Ingraham, Gaga and the Libertarians
Laura Ingraham was going nuts. Tim Pawlenty, a Republican candidate for President of the United States, had answered a question about Lady Gaga, the weirdo (in a conformist kind of way) pop star.
Pawlenty praised Gaga's talent, which sent Ingraham into berserker mode. She exploded, crying that Lady Gaga, with her pounding dance beats, self-righteous leftism, and bizarre outfits, represents everything that is wrong with modern popular culture. Ingraham then spun her preferred music: some down-home country hokum.
As I listened to the tirade, I realized that a hunch I've had for a while is probably right: Libertarians may be the only people in the world who truly understand and appreciate rock and roll. That, at least, is what can be gleaned from the new book The Declaration of Independents: How Libertarian Politics Can Fix What's Wrong with America. Its authors are Nick Gillespie and Matt Welch, who both work for the libertarian Reason Foundation.
The Declaration of Independents is a compelling and well-written (and well-researched) book. I will be addressing some of its points in future columns. But upon first reading, something hit me more than anything else: when it comes to rock and roll, Gillespie and Welch nail it.
They do so by focusing their chapter, "Keep on Rockin' in the Free World," on one of the most overlooked chapters in the history of rock and roll -- how the music helped defeat Communism. This is a truly monumental chapter in the history of American popular music, but it is not widely known or discussed.
As Welch and Gillespie prove with wide example, Vaclav Havel and the leaders of the 1960s revolt against communism in Czechoslovakian were deeply influenced by American rock and roll -- particularly the band the Velvet Underground.
A group of young Czech hippies formed the group the Plastic People of the Universe -- named after a Frank Zappa lyric -- and were soon banned by the government. A fan of the Rolling Stones, in rock and roll Havel saw and heard "a temperament, a nonconformist state of the spirit, an anti-establishment orientation, an aversion to philistines, and an interest in the wretch and humiliated."
Partly as a result of their love of the Velvet Underground, Havel and his friends launched "Charter 77," which called for free artistic expression. The document spread widely through the underground, ultimately making its way to Poland and the Solidarity movement. It is no exaggeration to say that American rock and roll helped bring down Communism. (Remember that next time you hear Lou Reed.)
Lady Gaga is not a great talent, but she is a talent, and her best songs -- "Just Dance," "Poker Face," "Alejandro" -- provide a kind of transcendent charge and joyful energy that is in the soul of the best pop music. It's the dynamic sound of truth, beauty, the drama of a human life, the desire for ordered freedom, and reach for the spiritual -- all the things that Vaclav Havel and the Plastic People of the Universe fought to express.

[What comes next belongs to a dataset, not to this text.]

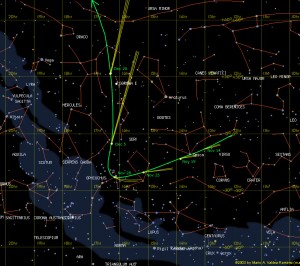 Comet ISON, sky path from 14 November till 20 December 2013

It's a good thing that libertarians are writing about rock and roll, because both the right and the left don't seem to get it. In The Declaration of Independents, Gillespie and Welch cite some truly embarrassing things conservatives have said about pop music.

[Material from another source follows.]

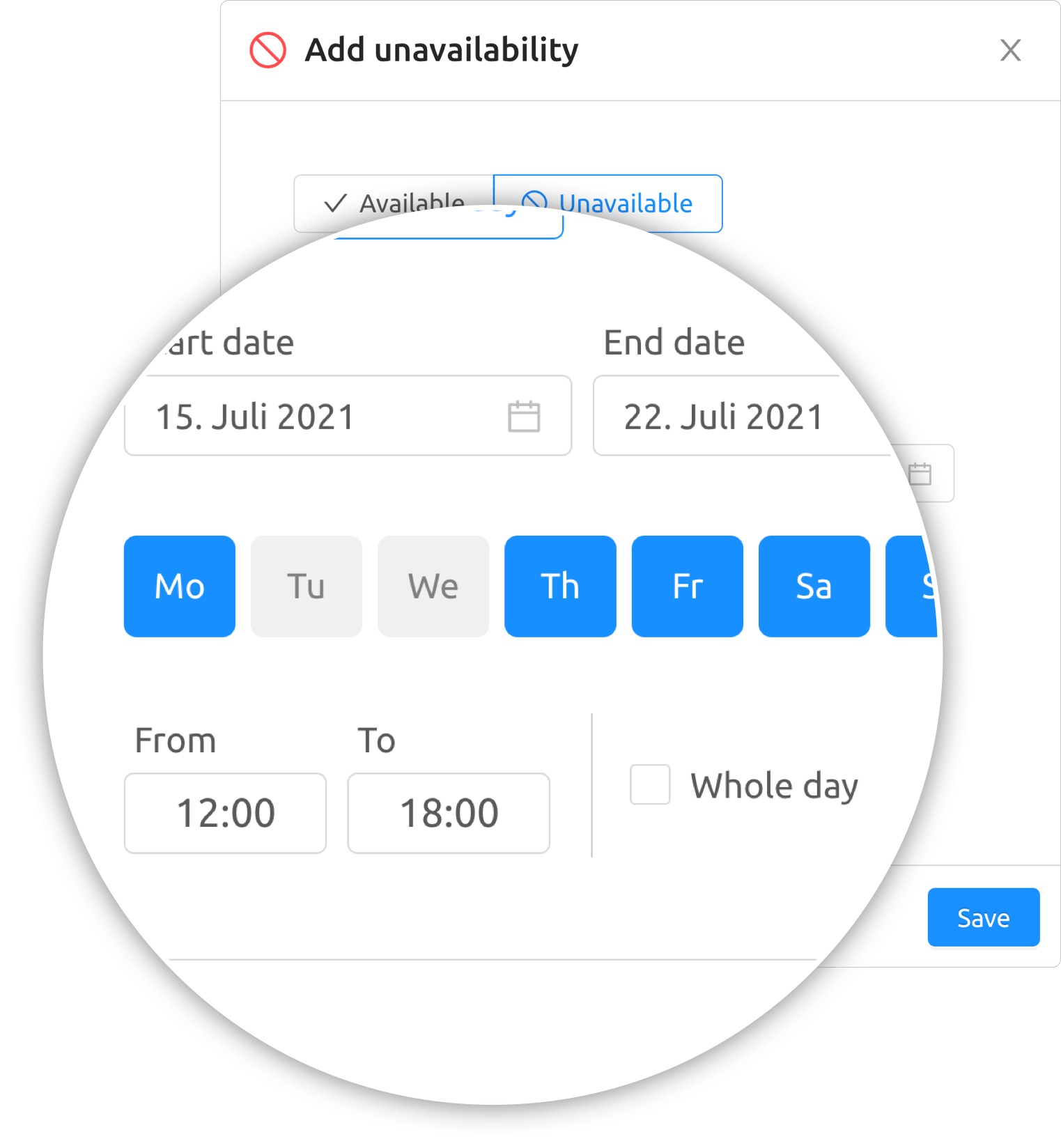 Period of availability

Here is William F. Buckley, writing in September 1964 (right around the day of my birth): "Let me say it, as evidence of my final measure of devotion to the truth. The Beatles are not merely awful, I would consider it sacrilegious to say anything less than they are so unbelievably horrible , so appallingly unmusical , so dogmatically insensitive to the magic of the art, that they qualify as crowed heads of antimusic, even as impostor popes went down in history as 'anti-popes.'"
It's even worse on the left. The reasons are simple: rock critics and historians prefer to set themselves against bourgeois standards. They ignore the conservatism of most popular music -- and I mean not the politics of the artists but the simple structure of most of the songs, which are generally much less challenging than classical music, not to mention the most common theme of popular music, which is our response to love.

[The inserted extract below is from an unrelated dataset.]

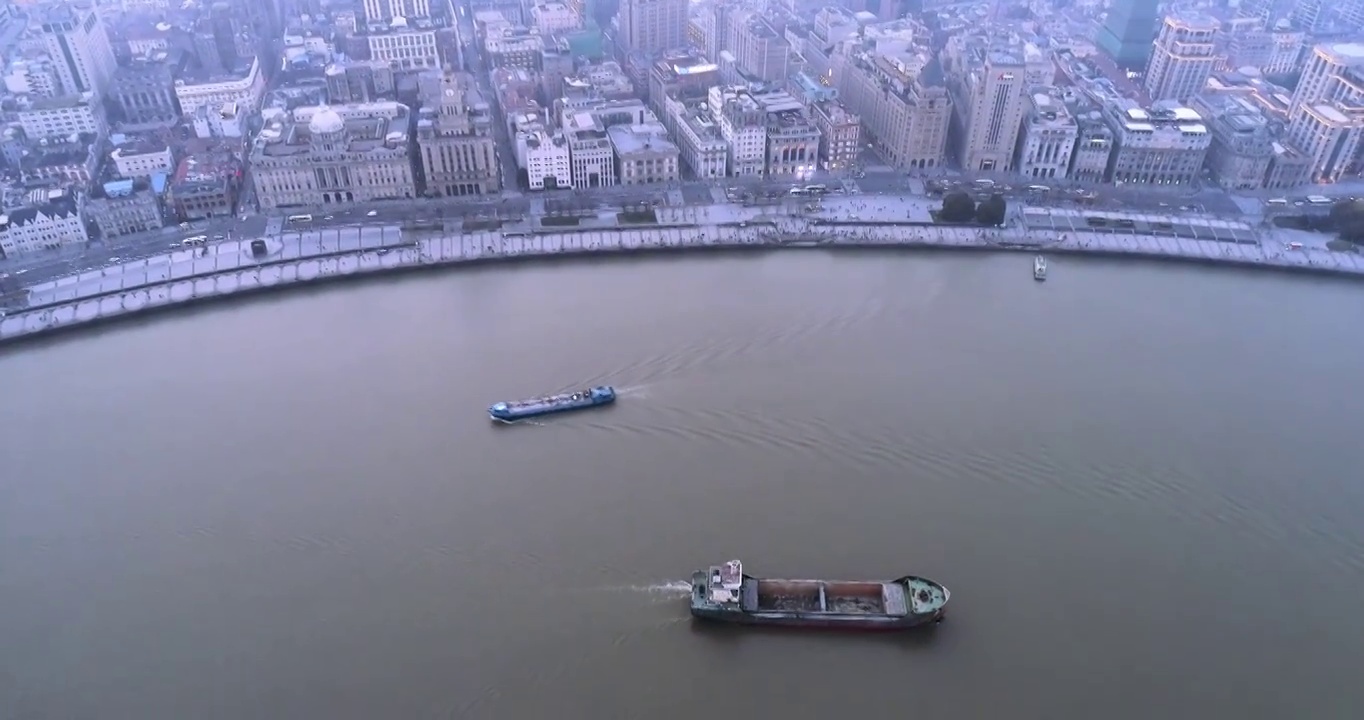 上海 外滩 黄浦江 航拍视频素材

Yet rock and rollers and the critics who write about them like to think of themselves as rebels, as long as they are rebelling against Michele Bachmann's America. This can lead to the strange phenomenon of right-wing fans who sometimes grasp the message in the life-affirming energy of the music more than the artist himself. Witness Tom Petty threatening legal action against Bachmann's use of his song "American Girl."
In The Declaration of Independents, Welch and Gillespie note an incredible irony. In October 1989, a month before the Berlin Wall was torn down, rock and roll and hippie icon Neil Young released the album Freedom. Young meant the title ironically. The title track was about how the world was collapsing with Reagan-inspired greed and violence. But when the album was received in Central Europe, the newly free young masses took to it without irony.
This is the kind of thing that irritates left-wing rock writers, who enforce a humorless orthodoxy on the music. You are only allowed to enjoy it as a kind of clenched rebellious posture. The truth is, most rock critics, and not a few rock and rollers, could easily find themselves on the side of the Communists that the Plastic People of the Universe were revolting against.